The result is an incredibly lucrative digital ad business. Meta holds the second-place position behind Alphabet in the digital advertising market, both in the U.S. and on a global level. Segment revenue of $31.7 billion last quarter was up 11.8% year over year, an improvement from the past few quarters despite ongoing macro headwinds. And this segment is very profitable, posting an operating margin of 41%.

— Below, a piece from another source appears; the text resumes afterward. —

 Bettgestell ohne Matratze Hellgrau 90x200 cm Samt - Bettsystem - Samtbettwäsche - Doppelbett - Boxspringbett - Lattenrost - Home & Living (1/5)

It's hard to understate the dominant position Meta has through facilitating human interaction and connection. And this has resulted in sizable cash profits over the years, which we have no reason to believe won't continue. 

AI push 

The business made headlines when Mark Zuckerberg changed the company's name and refocused the strategy around the metaverse, which consists of virtual worlds where humans can interact with each other in new ways. Since the start of 2022, the so-called Reality Labs division has generated a cumulative operating loss of more than $21 billion. Of course, investors are wondering if this strategy will even pay off. 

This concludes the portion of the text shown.